Data excerpt Block Start

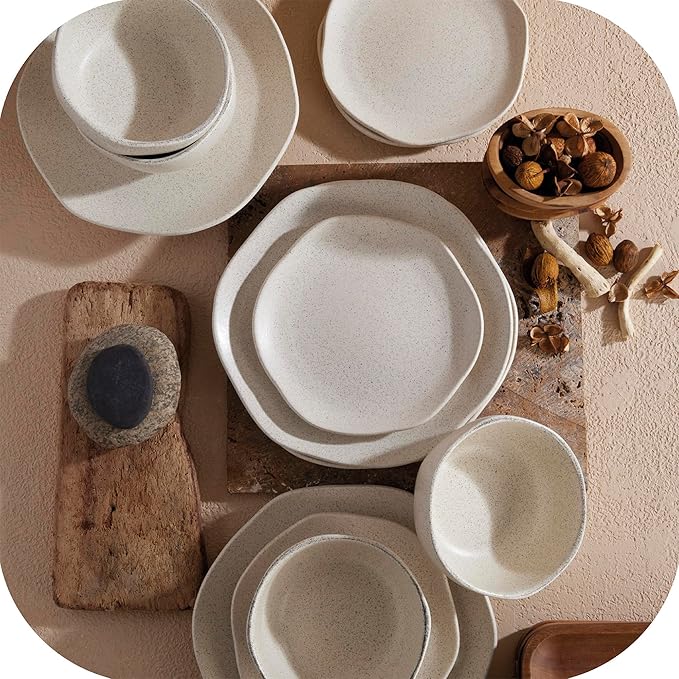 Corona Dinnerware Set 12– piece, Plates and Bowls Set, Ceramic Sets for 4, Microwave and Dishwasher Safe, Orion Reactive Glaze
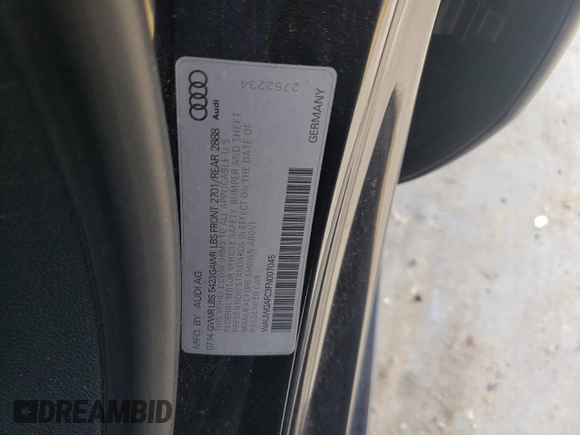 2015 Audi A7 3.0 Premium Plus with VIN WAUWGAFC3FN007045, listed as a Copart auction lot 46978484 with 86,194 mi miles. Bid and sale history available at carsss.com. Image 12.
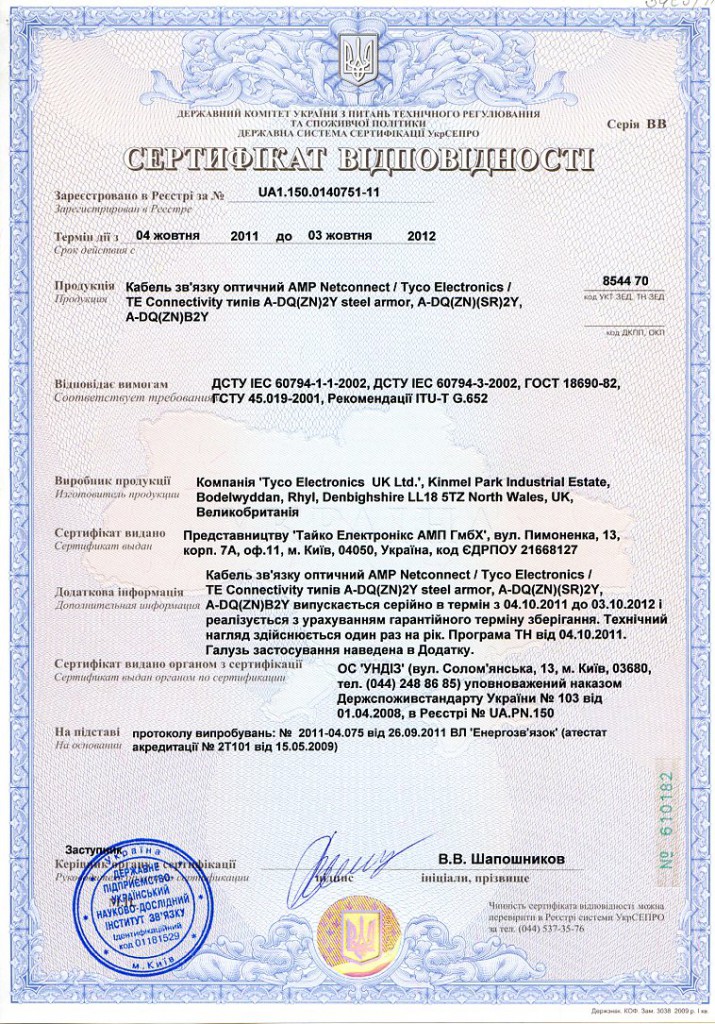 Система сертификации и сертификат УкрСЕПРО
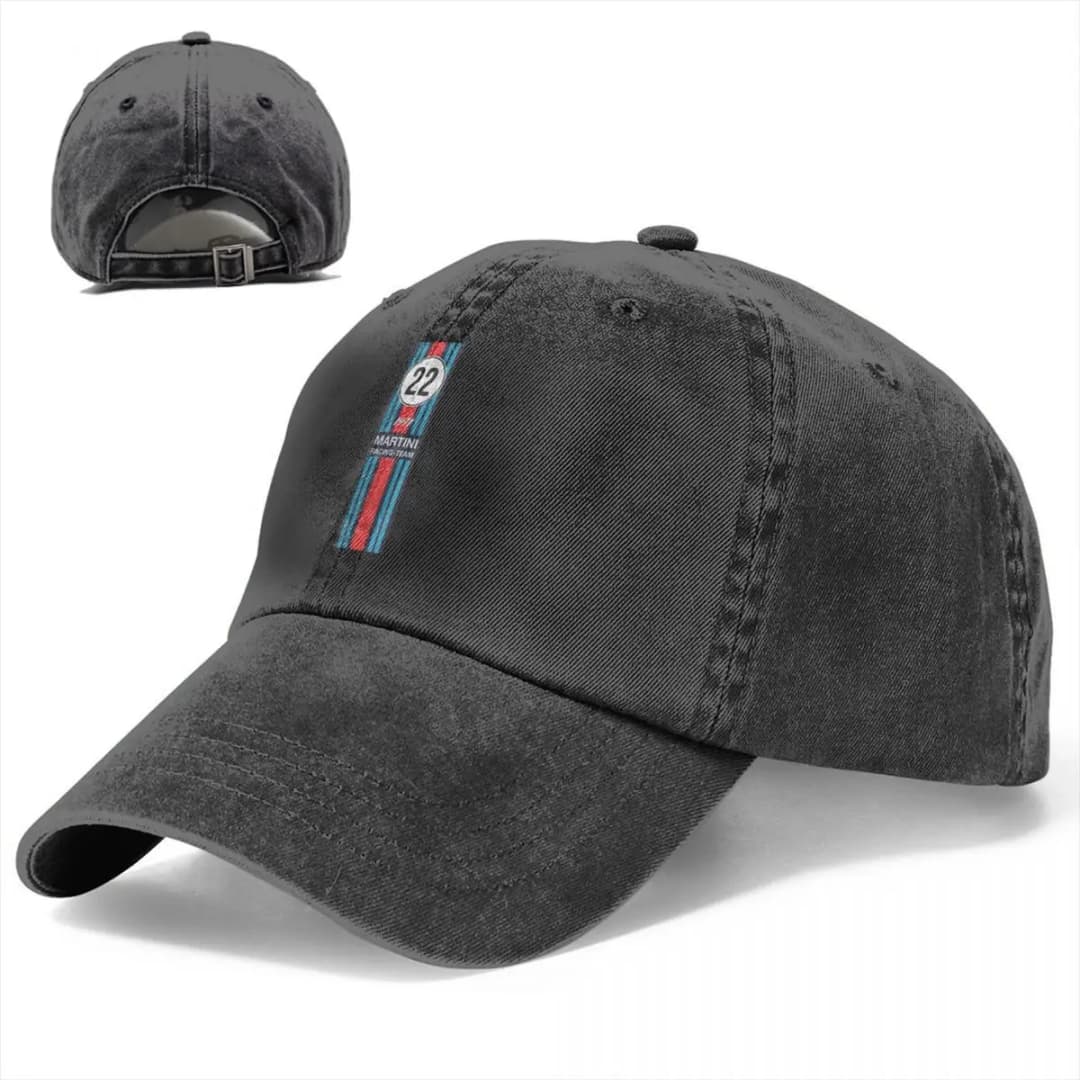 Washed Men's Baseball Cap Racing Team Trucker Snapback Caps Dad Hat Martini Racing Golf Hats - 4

Data excerpt Block End

(Instructions for the task) Nothing but the lines from the one with "Система сертификации и сертификат УкрСЕПРО" through the last line of the material above should appear in the answer, each copied exactly, with no pictures.

(Response to this exercise)
 Система сертификации и сертификат УкрСЕПРО
 Washed Men's Baseball Cap Racing Team Trucker Snapback Caps Dad Hat Martini Racing Golf Hats - 4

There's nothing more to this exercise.